-- YOUR INSTRUCTIONS --
All of the data that follows should be retyped exactly, please, except the pictures.

-- GIVEN INFORMATION --
● ● ●
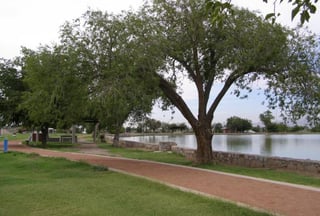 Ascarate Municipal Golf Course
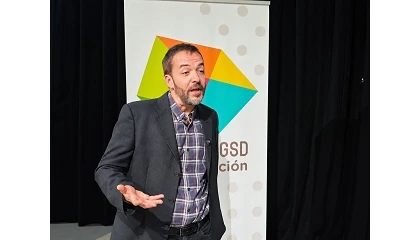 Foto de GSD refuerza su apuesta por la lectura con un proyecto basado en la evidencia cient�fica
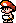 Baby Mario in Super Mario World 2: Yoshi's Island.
● ● ●
-- OUTPUT OF THE EXERCISE --
 Ascarate Municipal Golf Course
 Foto de GSD refuerza su apuesta por la lectura con un proyecto basado en la evidencia cient�fica
 Baby Mario in Super Mario World 2: Yoshi's Island.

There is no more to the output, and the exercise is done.